**DESCRIPTION OF THE TASK:** Please print the entries below exactly, from the line with "NHI BZ5256GJBSA concrete mixer truck" through the line with "La única verdad", including both of those lines and leaving out all others.

**EXERCISE INPUTS:**
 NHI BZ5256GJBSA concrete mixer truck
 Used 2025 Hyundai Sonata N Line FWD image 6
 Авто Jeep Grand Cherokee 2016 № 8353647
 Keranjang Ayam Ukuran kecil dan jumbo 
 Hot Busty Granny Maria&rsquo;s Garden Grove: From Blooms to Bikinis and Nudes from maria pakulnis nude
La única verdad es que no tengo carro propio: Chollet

==

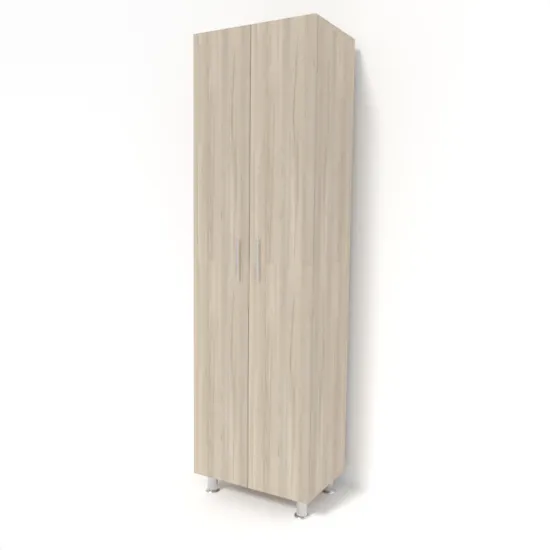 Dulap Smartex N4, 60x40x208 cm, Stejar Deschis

**ANSWER:**
 NHI BZ5256GJBSA concrete mixer truck
 Used 2025 Hyundai Sonata N Line FWD image 6
 Авто Jeep Grand Cherokee 2016 № 8353647
 Keranjang Ayam Ukuran kecil dan jumbo 
 Hot Busty Granny Maria&rsquo;s Garden Grove: From Blooms to Bikinis and Nudes from maria pakulnis nude
La única verdad es que no tengo carro propio: Chollet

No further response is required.